During DNA replication the helicase (DnaB) recruits the primase (DnaG) in the replisome to initiate the polymerization of new DNA strands. DnaB is attached to the tau subunit of the clamp-loader that loads the beta clamp and interconnects the core polymerases on the leading and lagging strands. The tau-DnaB-DnaG ternary complex is at the heart of the replisome and its function is likely to be modulated by a complex network of allosteric interactions.
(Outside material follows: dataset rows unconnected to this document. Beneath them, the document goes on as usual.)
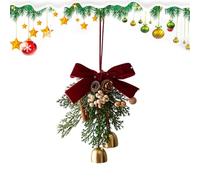 Nadsrpn Jingle Bell Door Hanger Christmas,Festive Ornament | Christmas Wreath Bows with Jingle Bells and Pine Cone | for Entrance Porch Indoor Wall Window Mantel Fireplace Tree Wreath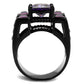 TK1072J - IP Black(Ion Plating) Stainless Steel Ring with AAA Grade CZ  in Amethyst-2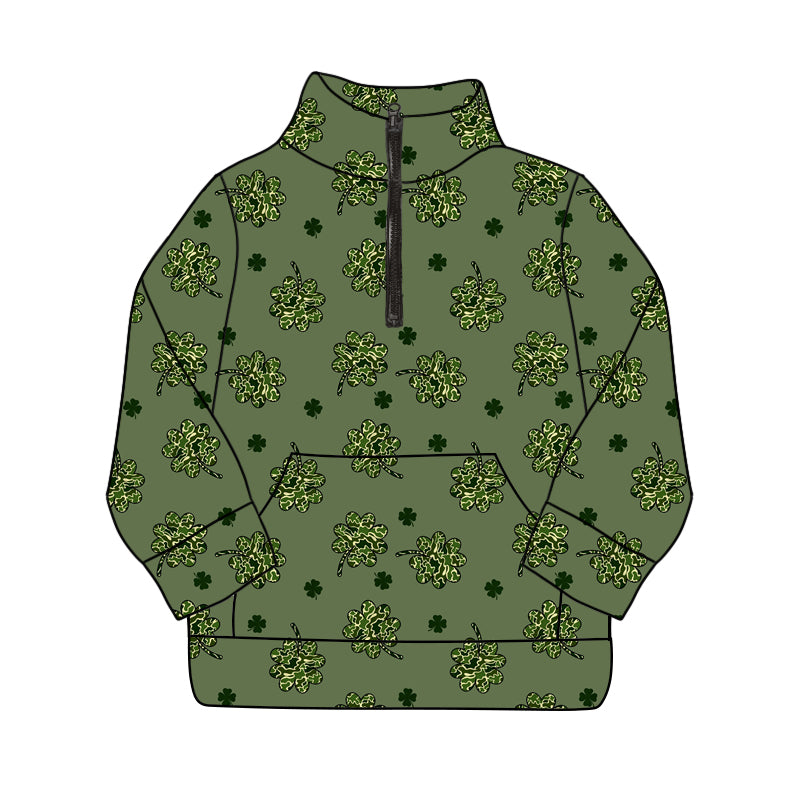 10.16 custom each style moq 5 eta 4-6week baby boys clothes lucky green zipper long sleeve top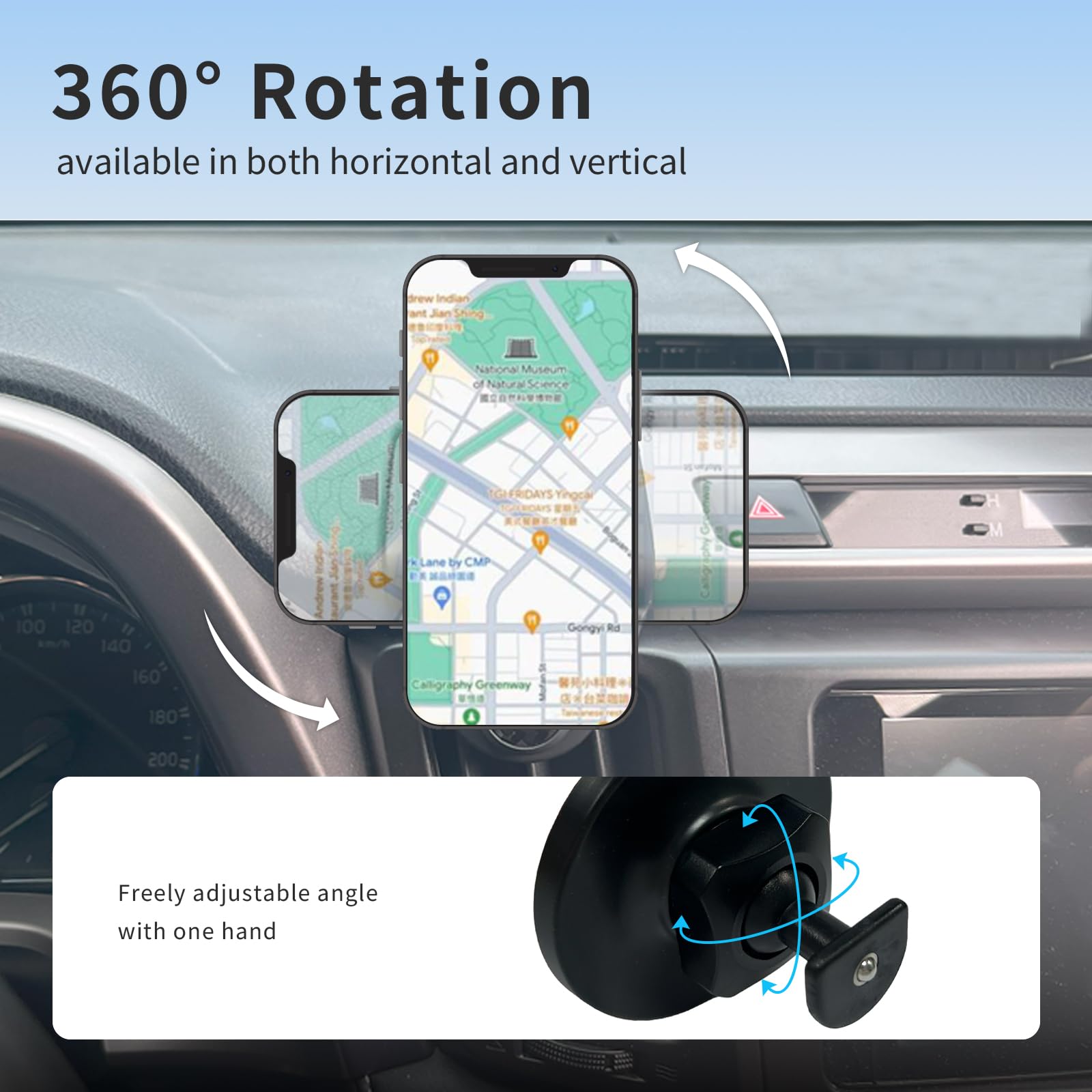 Soporte de teléfono de coche para Toyota RAV4 2013-2018, soporte magnético específico para el salpicadero, rotación de 360°, soporte de teléfono compatible con MagSafe, soporte manos libres para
Using a stable ternary complex comprising the primase and helicase from Geobacillus stearothermophilus and the tau subunit of the clamp-loader from Bacillus subtilis we show that changes in the DnaB-tau interaction can stimulate allosterically primer synthesis by DnaG in vitro. The A550V tau mutant stimulates the primase activity more efficiently than the native protein. Truncation of the last 18 C-terminal residues of tau elicits a DnaG-stimulatory effect in vitro that appears to be suppressed in the native tau protein. Thus changes in the tau-DnaB interaction allosterically affect primer synthesis. Although these C-terminal residues of tau are not involved directly in the interaction with DnaB, they may act as a functional gateway for regulation of primer synthesis by tau-interacting components of the replisome through the tau-DnaB-DnaG pathway.

Hyperthermophilic Aquifex aeolicus initiates primer synthesis on a limited set of trinucleotides comprised of cytosines and guanines

The placement of the extreme thermophile Aquifex aeolicus in the bacterial phylogenetic tree has evoked much controversy. We investigated whether adaptations for growth at high temperatures would alter a key functional component of the replication machinery, specifically DnaG primase. Although the structure of bacterial primases is conserved, the trinucleotide initiation specificity for A. aeolicus was hypothesized to differ from other microbes as an adaptation to a geothermal milieu. To determine the full range of A. aeolicus primase activity, two oligonucleotides were designed that comprised all potential trinucleotide initiation sequences. One of the screening templates supported primer synthesis and the lengths of the resulting primers were used to predict possible initiation trinucleotides. Use of trinucleotide-specific templates demonstrated that the preferred initiation trinucleotide sequence for A. aeolicus primase was 5′-d(CCC)-3′. Two other sequences, 5′-d(GCC)-3′ and d(CGC)-3′, were also capable of supporting initiation, but to a much lesser degree. None of these trinucleotides were known to be recognition sequences used by other microbial primases. These results suggest that the initiation specificity of A. aeolicus primase may represent an adaptation to a thermophilic environment.